Earlier this year, Yahoo! announced they would recycle user IDs so “loyal users and new folks [could have] the Yahoo! ID they’ve always wanted.”
Though this announcement was met with some concern about potential security risks -- that personally identifiable information from the original user may be sent to the new user -- Yahoo! assured stakeholders they were: “going to extraordinary lengths to ensure that nothing bad happens to our users."
These extraordinary lengths included:
- User inactivity for a minimum of 12-months
- 30 days of messages notifying the user his/her account was going to be recycled
- Bounce messages relayed to senders to notify them that the account was deactivated
- Correspondence with brands such as eBay, Paypal, Amazon and Walmart to target email to current users
- A new header element, developed with Facebook, called the Require Recipient Valid Since (RRVS) protocol
Despite these efforts, some users still reported receiving emails that included personally identifiable information after recycled user IDs were released in August.
Though the percentage of these types of emails was very small -- small-enough so that Yahoo! would be able to reach out to many of the accounts, individually -- Yahoo! is taking another step to reduce security risk: a new “Not My Email” button.
Set to roll out within a day or two, the “Not My Email” button will give owners of newly-claimed emails the ability to return messages that were not for them. It will be accessible from the Actions tab in Yahoo! inboxes.
Photo acquired by TechCrunch.
The “Not My Email” button will help ‘train’ Yahoo! inboxes which email belongs to the new user instead of the previous Yahoo! ID owner. (This button is similar to the ‘This Isn’t Me’ button suggested here in Kelly Molloy’s humorous blog post.)

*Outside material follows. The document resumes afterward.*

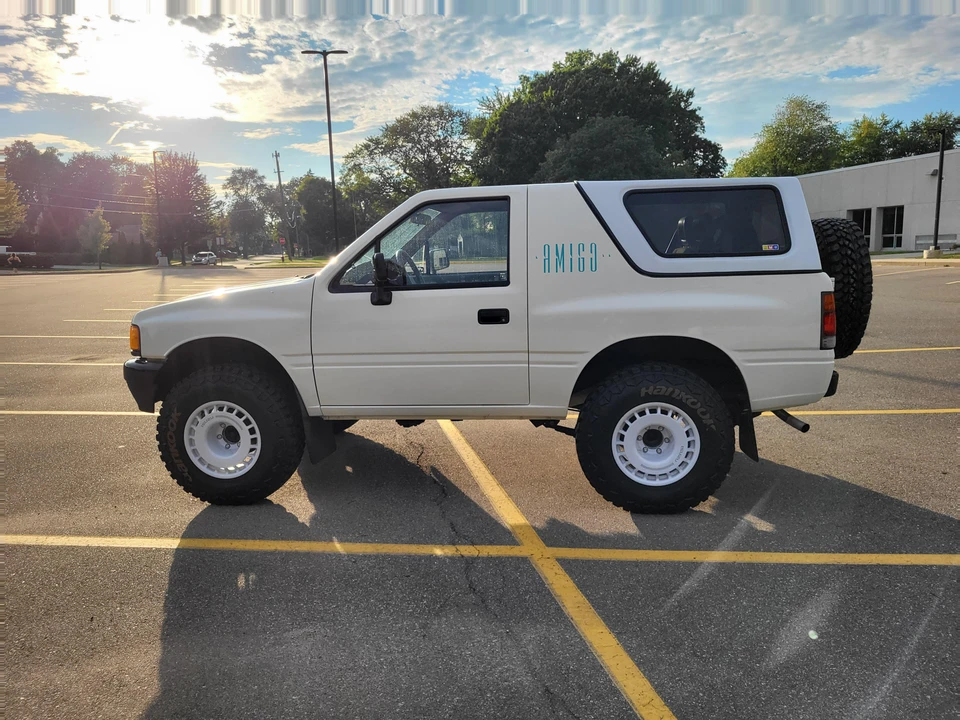 1993 Isuzu Rodeo - Image 16 of 31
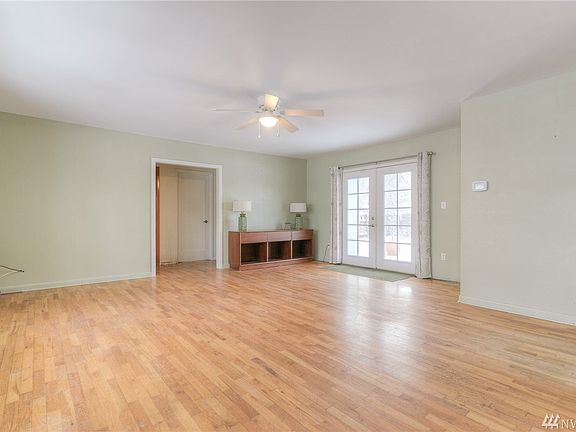 Original hardwood floors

This new feature will assuredly improve the email experience for the user. However, it will not necessarily make it more secure because it relies on the honesty of the new user to tell Yahoo! the received email is not for him/her.

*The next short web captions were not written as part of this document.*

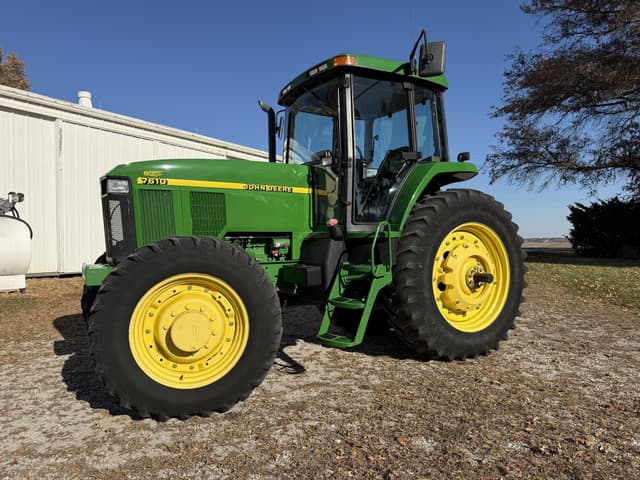 Image of John Deere 7610 equipment image 2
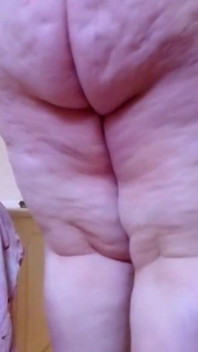 SSBBW telanjang membersihkan tampilan kamera bawah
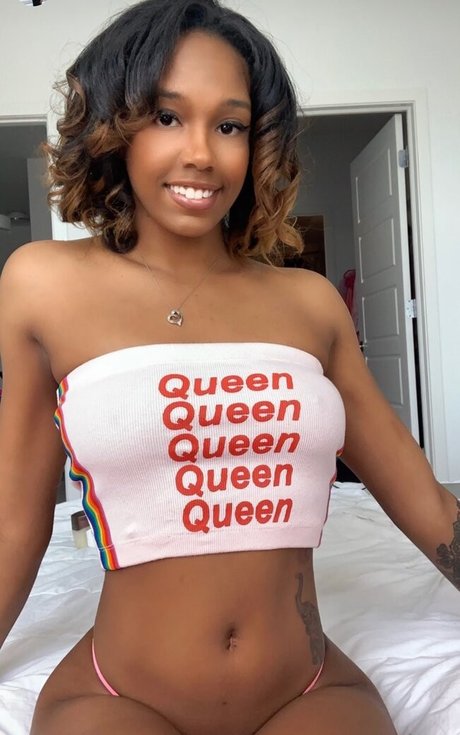 Lacey London photo 2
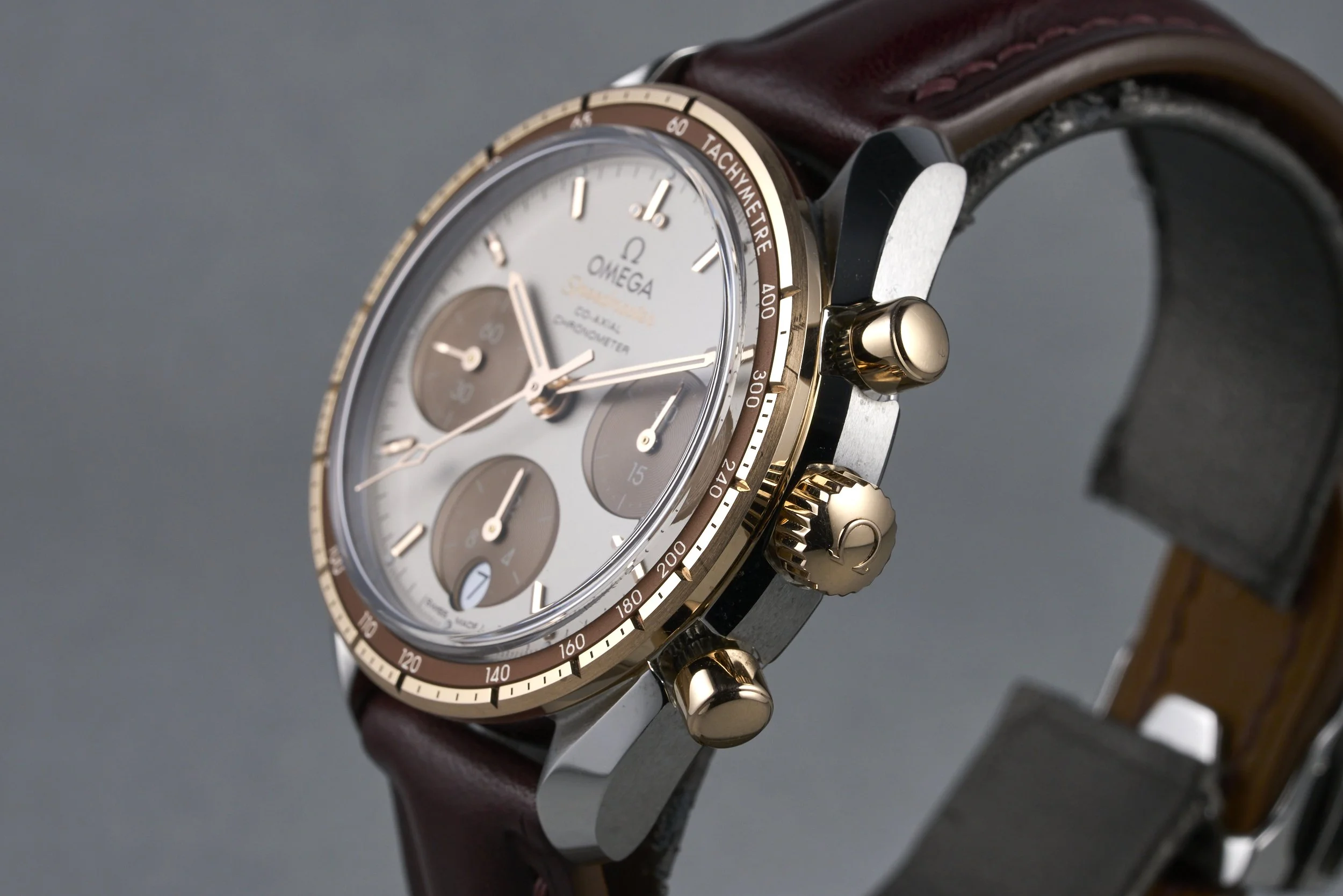 omega-speedmaster.38.twotone.boxpaper-324.23.38.50.02.002-panda.dial-modern-oysterpalace-OP2180-07.jpg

To help keep Yahoo! users secure, senders should consider using the Require-Recipient-Valid-Since protocol: a header element that ‘asks’ Yahoo! for the age of the account before delivering a message. (Senders should only insert this header in mail sent to Yahoo!.) For more about this header, see this Return Path blog post.
Senders should also follow these recommendations to keep their list free of any recycled addresses.
Through this recycled Yahoo! IDs initiative, the company has taken a bold step to improve their users’ experience. I will be interested to see how others not only follow suit, but seek to implement features such as “Not My Email” to combat similar concerns with security and usability.